Switching the UK’s fleet of heavy goods vehicles (HGVs) from diesel to biogas could reduce the carbon emissions of the freight sector by almost two thirds, according to a new report.
Currently the UK’s HGV fleet is almost exclusively made up of diesel fuelled vehicles, which account for about 7% of the UK's total CO2 emissions
This research by consultants Ricardo-AEA identifies typical HGV duty cycles, their share of CO2 emissions and which technologies and alternative fuels could best reduce these emissions.
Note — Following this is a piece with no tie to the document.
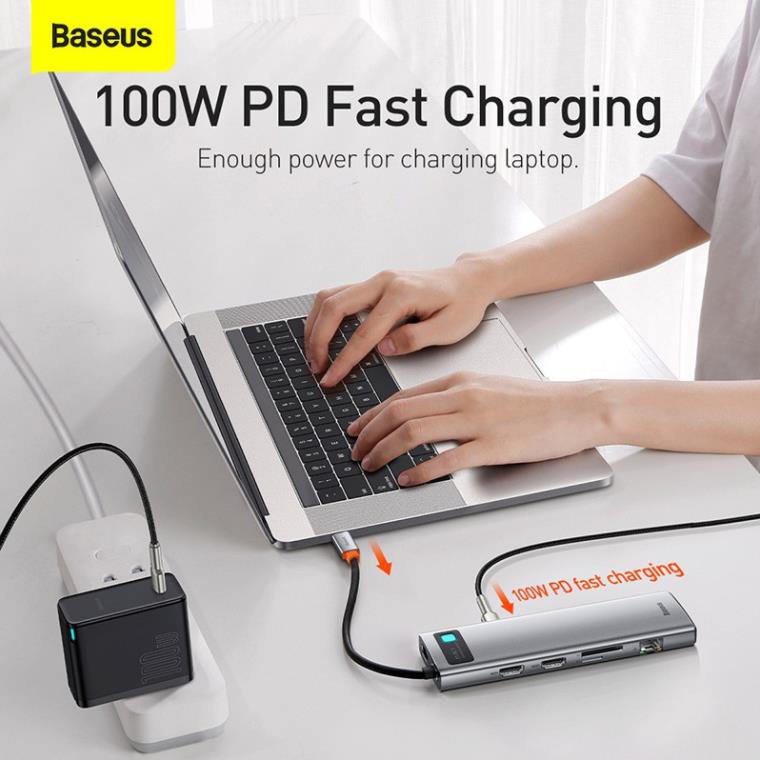 Cổng chuyển đổi Type C Baseus Hub Gleam Series 11 in 1 HDMI x2 , USB 3.0 x3 , VGA x1 TF SD Jack 3.5 PD x1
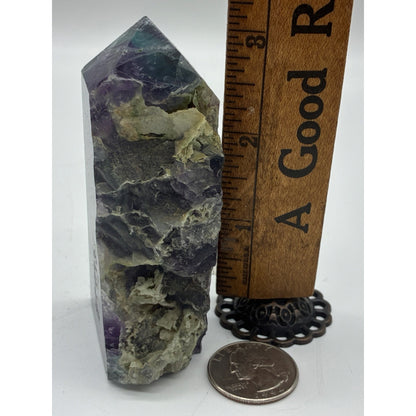 Polished Fluorite Point with Natural Matrix - Purple & Green Rock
Three key areas of opportunity are highlighted in the report:
1. Switching to biogas
The report concludes that one of the most effective strategies to achieve well-to-wheels (WTW) CO2 emission reduction in this sector is to encourage a large scale shift to the use of gas as a fuel to replace diesel. In the longer term the report says that using biomethane could offer reductions of between 33% and 65%
2. Improving aerodynamic efficiency and reducing rolling resistance
The report states that over half of the energy transmitted to the wheels of a typical long haul HGV is estimated to be lost in rolling resistance, and over a third as aerodynamic drag. Doing more to encourage uptake of aerodynamic devices and less resistant tyres could lead to carbon reductions of 10%
3. Supporting the uptake of electric and hybrid vehicles
Electric and hybrid vehicles would be particularly suitable for urban and municipal utility duty cycles, says the report, and using these instead of diesel trucks could reduce carbon emissions in the sector by 8%.
Ricardo-AEA produced the report for The Task Force on Fuel Efficient, Low Emission HGV Technologies, a joint industry/Government initiative aimed at promoting the use of fuel efficient, low emission road freight technologies.